Shame that taught me to hate myself

Mine was a story of fear

Fear that gripped me with self-limiting beliefs

that had me reminding myself daily of how little I was capable of

that had me never trying something new

that never let me grow

that always gave me nightmares

that never let me dream

Mine is now a story  of courage

to seek out challenges

to look within myself and to heal myself

Mine is now a story of strength

to be vulnerable and transparent

to ask for help

to be honest with myself

Mine is now a story of growth

through self-discovery

through freely giving of myself

through listening, learning and living

Mine is now a story of opportunity

of pride, of progress, of failure

but failing forward

always forward

I will never stop failing

but it will never

disallow me,

it will never stop me from

 moving forward


You Are Not Alone

Mindset is everything

Surround yourself with people that believe in you

Weed out those who do not

For years I had filled my head with self-limiting beliefs. It was a struggle to find the courage, the fortitude to finally get sober. There burned within me the flame of freedom that had never died but was lost amid the anger, resentments, expectations and fear. Once I had found that flame, or it found me, I was able to light the way out of the rabbit hole of addiction.

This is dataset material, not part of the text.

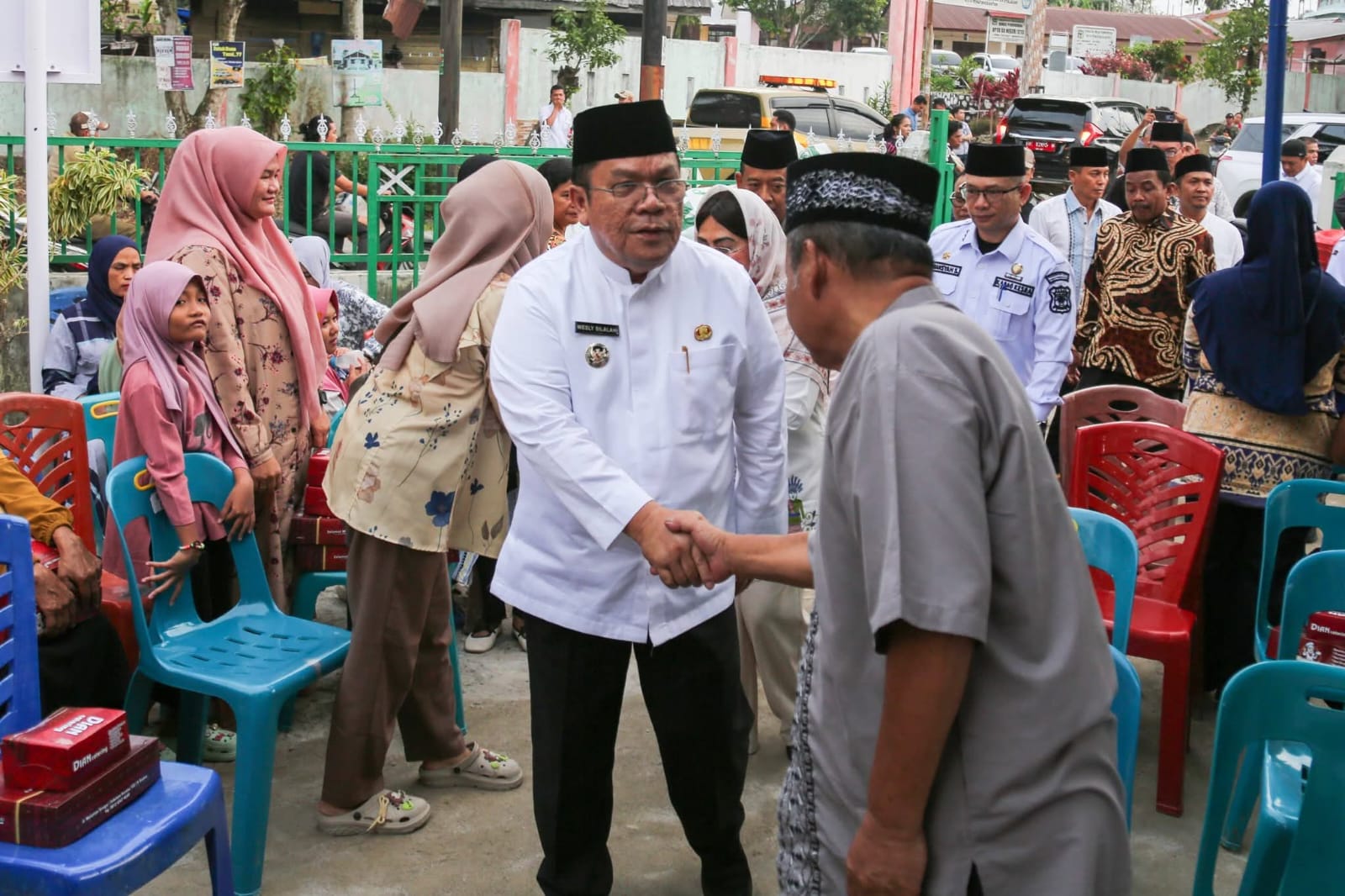 Wali Kota Siantar Wesly Silalahi mengunjungi Masjid Amaliyah di Jalan Gurilla Kelurahan Gurilla Kecamatan Siantar Sitalasari.(ist)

This journey is made possible by a series of decisions that were made by and for me. By evaluating what is important to me, how I had disallowed myself from fully realizing those things and starting the process to correct those missteps I have been able to stoke the flame of freedom into a full-on bonfire (and not the kind in the sandpit as a teenager fueled by confusion, misguided decisions, cheap beer, stolen liquor and pallets). This journey out of the rabbit hole, this fanning of the flames of freedom has also been made possible in large part by surrounding myself with people who believe in me.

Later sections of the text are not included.